Dataset entries:
•••
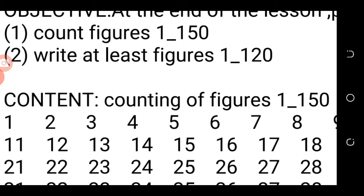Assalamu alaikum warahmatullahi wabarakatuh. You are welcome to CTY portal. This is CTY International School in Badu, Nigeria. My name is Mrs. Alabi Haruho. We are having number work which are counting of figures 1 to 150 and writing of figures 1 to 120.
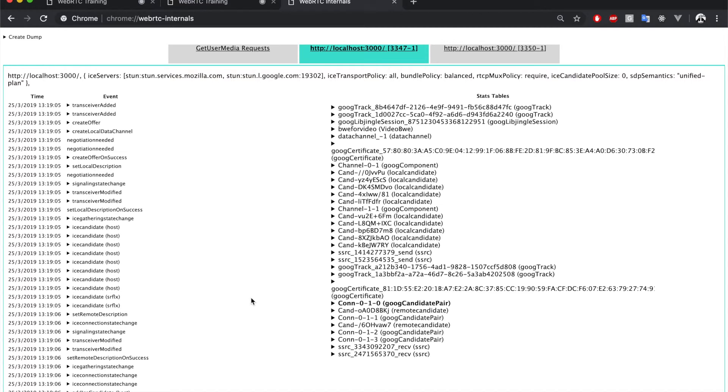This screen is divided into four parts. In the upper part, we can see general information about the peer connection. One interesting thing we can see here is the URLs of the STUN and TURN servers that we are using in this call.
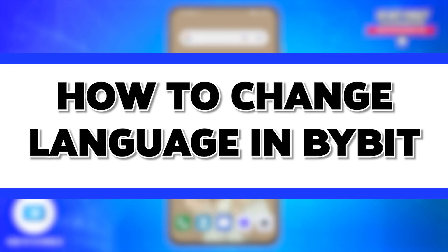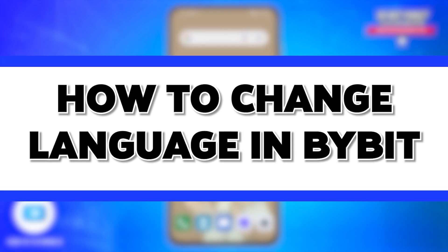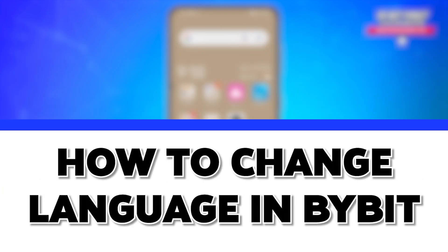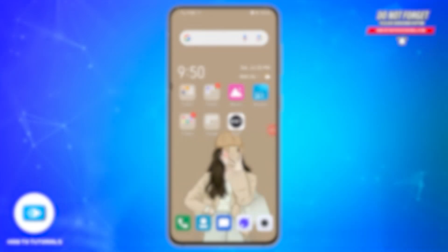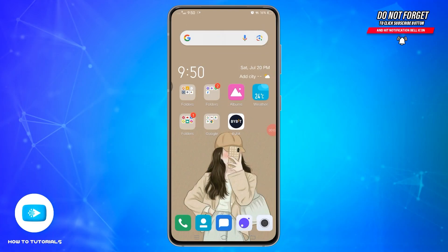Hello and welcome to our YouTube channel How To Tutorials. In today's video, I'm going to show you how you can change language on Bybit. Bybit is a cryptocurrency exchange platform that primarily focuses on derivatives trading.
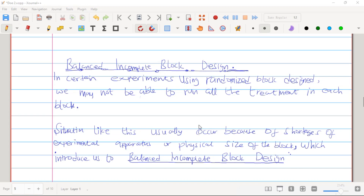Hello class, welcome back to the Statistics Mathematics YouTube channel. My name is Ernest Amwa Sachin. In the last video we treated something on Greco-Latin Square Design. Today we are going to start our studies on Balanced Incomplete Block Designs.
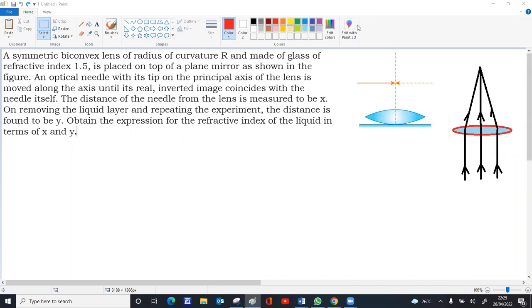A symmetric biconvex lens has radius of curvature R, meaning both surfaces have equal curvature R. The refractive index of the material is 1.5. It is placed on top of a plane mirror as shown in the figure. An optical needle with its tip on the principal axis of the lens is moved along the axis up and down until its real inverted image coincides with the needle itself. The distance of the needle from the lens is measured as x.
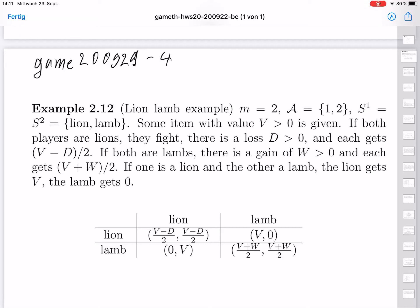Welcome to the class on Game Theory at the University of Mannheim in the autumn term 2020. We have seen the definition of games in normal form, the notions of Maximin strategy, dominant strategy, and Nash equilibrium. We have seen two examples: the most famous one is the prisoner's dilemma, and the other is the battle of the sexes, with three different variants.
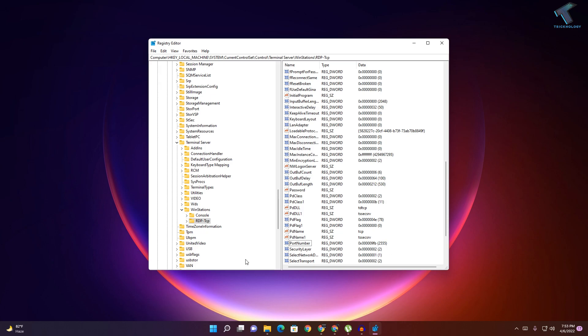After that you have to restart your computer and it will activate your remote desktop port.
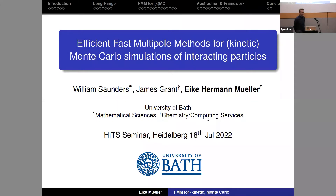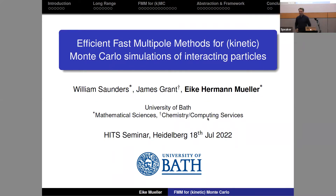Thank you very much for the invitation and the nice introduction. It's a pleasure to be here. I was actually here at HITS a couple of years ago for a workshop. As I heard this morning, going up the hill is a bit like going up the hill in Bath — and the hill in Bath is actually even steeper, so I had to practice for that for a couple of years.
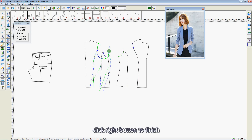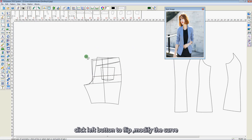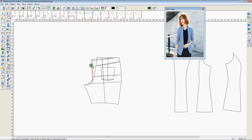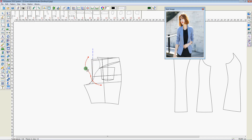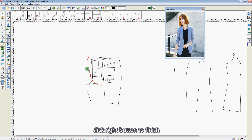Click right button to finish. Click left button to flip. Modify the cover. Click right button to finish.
•••
-- The task --
Exactly as they stand, retype all the entries, but omit the pictures.

-- Output for this exercise --
Assalamu alaikum warahmatullahi wabarakatuh. You are welcome to CTY portal. This is CTY International School in Badu, Nigeria. My name is Mrs. Alabi Haruho. We are having number work which are counting of figures 1 to 150 and writing of figures 1 to 120.
This screen is divided into four parts. In the upper part, we can see general information about the peer connection. One interesting thing we can see here is the URLs of the STUN and TURN servers that we are using in this call.
Hello and welcome to our YouTube channel How To Tutorials. In today's video, I'm going to show you how you can change language on Bybit. Bybit is a cryptocurrency exchange platform that primarily focuses on derivatives trading.
Hello class, welcome back to the Statistics Mathematics YouTube channel. My name is Ernest Amwa Sachin. In the last video we treated something on Greco-Latin Square Design. Today we are going to start our studies on Balanced Incomplete Block Designs.
A symmetric biconvex lens has radius of curvature R, meaning both surfaces have equal curvature R. The refractive index of the material is 1.5. It is placed on top of a plane mirror as shown in the figure. An optical needle with its tip on the principal axis of the lens is moved along the axis up and down until its real inverted image coincides with the needle itself. The distance of the needle from the lens is measured as x.
Welcome to the class on Game Theory at the University of Mannheim in the autumn term 2020. We have seen the definition of games in normal form, the notions of Maximin strategy, dominant strategy, and Nash equilibrium. We have seen two examples: the most famous one is the prisoner's dilemma, and the other is the battle of the sexes, with three different variants.
After that you have to restart your computer and it will activate your remote desktop port.
Thank you very much for the invitation and the nice introduction. It's a pleasure to be here. I was actually here at HITS a couple of years ago for a workshop. As I heard this morning, going up the hill is a bit like going up the hill in Bath — and the hill in Bath is actually even steeper, so I had to practice for that for a couple of years.
Click right button to finish. Click left button to flip. Modify the cover. Click right button to finish.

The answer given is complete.